Faire l’histoire d’une société n’est pas une simple affaire. Et pour cause, l’essentiel des documents qui y sont produits appartiennent à l’entreprise. Certes, dans de rares cas, les archives sont mises à disposition des chercheurs soit directement par l'établissement, soit par l’intermédiaire d’un musée, ou encore par le biais d’un dépôt d’Archives (fonds privés)1. Mais il existe d’autres moyens qui permettent, pour partie, de contourner ces difficultés. C’est notamment le cas des fonds des tribunaux de commerce et plus particulièrement du registre du commerce et des sociétés.
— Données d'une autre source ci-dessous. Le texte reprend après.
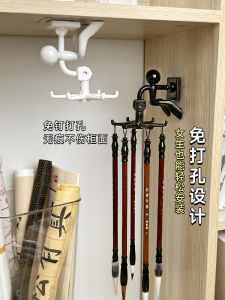 Rotatable Calligraphy Brush Holder Real Wood Study Supplies Four Treasures of the Study Display Stand No Drilling Required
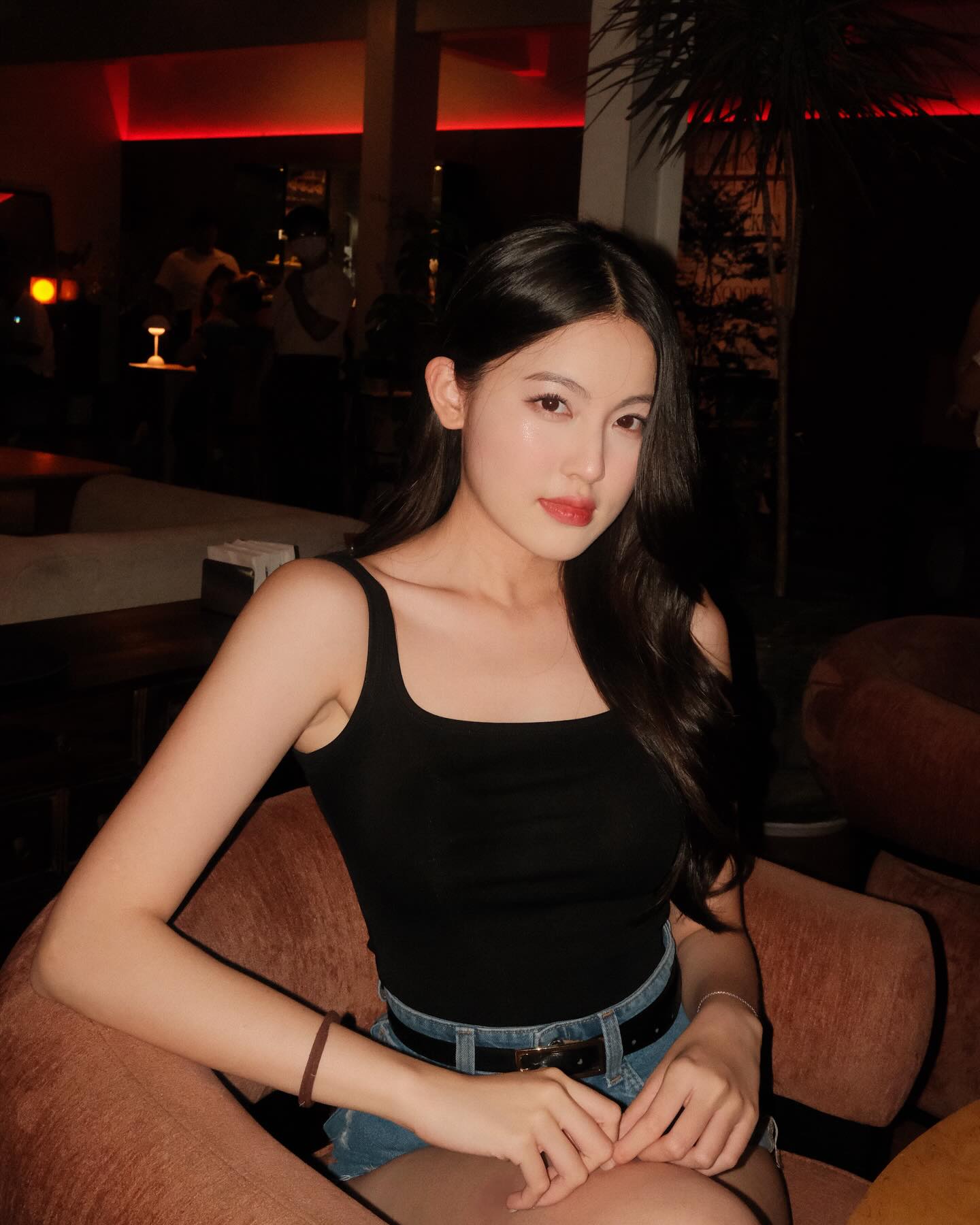 Babyboo posing in crop top and skirt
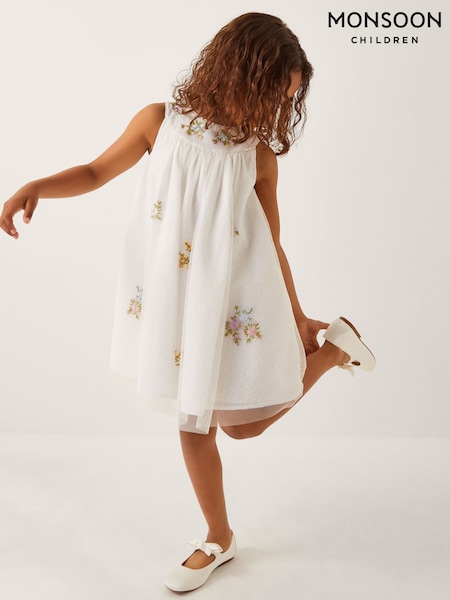 Monsoon Natural Aria Sleeveless Floral Print Broderie Dress (W70381) | £48 - £58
Carte postale. Collection particuilère.

Ce dernier est créé par la loi du 18 mars 1919 et l'arrêté du 22 mars 1920. Toute personne exerçant une activité commerciale ou industrielle est désormais obligée de s’immatriculer afin que l’administration puisse à tout moment vérifier l'existence de la société. Le registre permet en effet de centraliser toutes les informations légales des commerçants (état civil, activité exercée, modifications de l’activité).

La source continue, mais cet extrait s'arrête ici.